Historical Background

Src homology 2-containing protein tyrosine phosphatase (SHP2, also known as PTPN11) is a member of the non-receptor-type protein tyrosine phosphatase (PTP) family and is encoded by PTPN11 gene. In the early 1990s, this PTP was identified on the basis of its sequence similarity to the catalytic domain of known PTPs. PTPs dephosphorylate tyrosine-phosphorylated proteins, which generally promote cellular events such as cell growth, differentiation, migration, adhesion, and apoptosis. Therefore, PTPs are considered to be negative regulators in intracellular signal transductions.

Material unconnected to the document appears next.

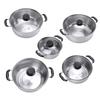 5PCS Cookware Set with Glass Lids Stainless Steel Milk Pot Kitchen Cooking Set for Induction Cooktop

However, biochemical and genetic analyses in 1990s showed that SHP2 promotes the activation of RAS-MAPK signaling pathway by receptors for various growth factors and cytokines. From the early 2000s, the mutations of Ptpn11 gene have been found in several human diseases such as Noonan syndrome (NS) and pediatric leukemia. In addition, association of other cancer development with upregulation of SHP2 docking proteins has been shown.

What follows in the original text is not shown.